LA TRADICIÓN Y ALGUNAS LÍNEAS DE INVESTIGACIÓN SOSTIENEN QUE LA FORJA ESTÁ RELACIONADA CON CIERTOS GRUPOS DE PODER

El Camino de Santiago por la tierra de los maragatos, uno de los pueblos considerados “malditos”

El Camino de Santiago por la tierra de los maragatos, uno de los pueblos considerados “malditos”

Estábamos todos, pero éramos tan pocos que por primera vez desde los días de Bélgica y Francia pudimos sentarnos juntos alrededor de una mesa redonda de medianas dimensiones. A medida que avanzábamos en el Camino íbamos cambiando sin darnos cuenta. Físicamente estábamos más morenos y enjutos, pero también nuestro interior iba sufriendo pequeñas metamorfosis imperceptibles, minúsculas marcas que adornarían nuestras almas para siempre.

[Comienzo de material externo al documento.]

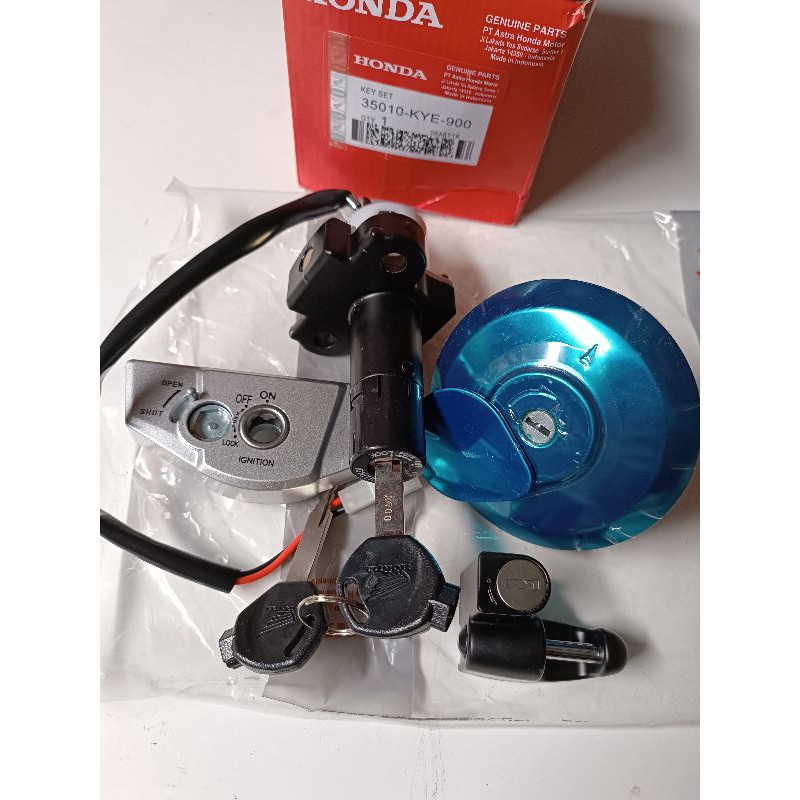 KUNCI KONTAK MEGAPRO PRIMUS KYE 2006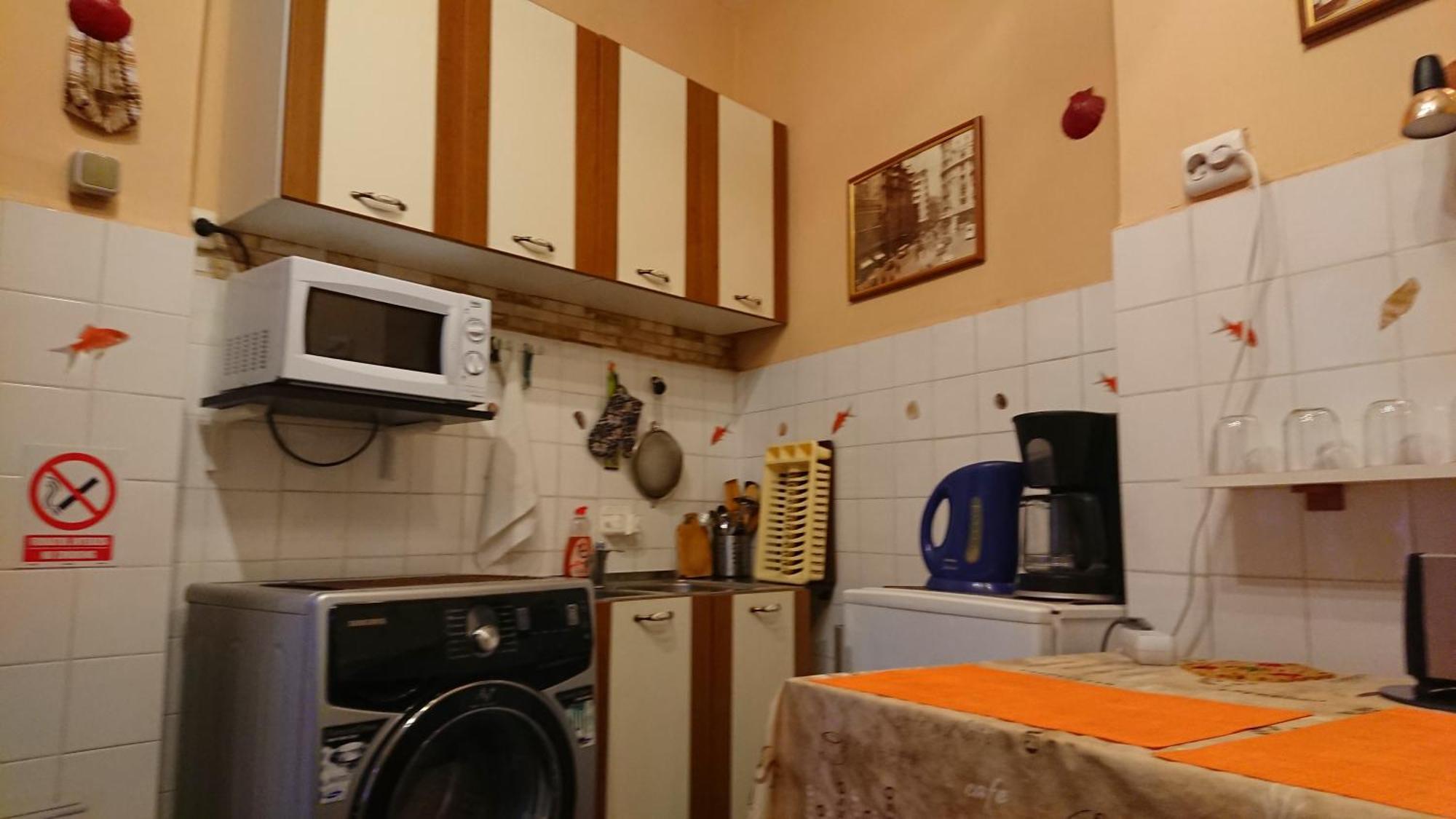 Apartamento Rompromo *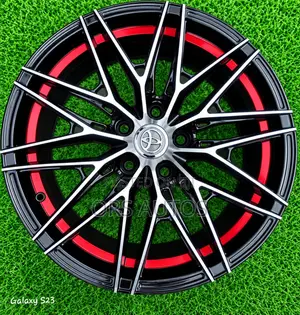 18inches Alloy Rim Set Toyota Camry, Avalon, Sienna, and More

Aunque con cariño y respeto, siempre hacía un poco de burla de Marta y Juan, tan sibaritas y exquisitos gourmets, devotos de Epicuro. Sin embargo, en ellos también asomaba su parcela de espiritualidad: él a través de la física cuántica, poseedora de los secretos de las entrañas de la materia, y ella con su cariño incondicional hacia los animales. Siempre que podía agasajaba con algún bocado sabroso a los perros y gatos que nos salían al paso y los acariciaba como si fueran suyos.

Los últimos días yo había estado demasiado pendiente de mí misma. Desde la llegada de George a Puente la Reina había pasado muchos ratos con él. Era hora de que volviera a tomar las riendas para unificar el grupo, más allá de intereses personales.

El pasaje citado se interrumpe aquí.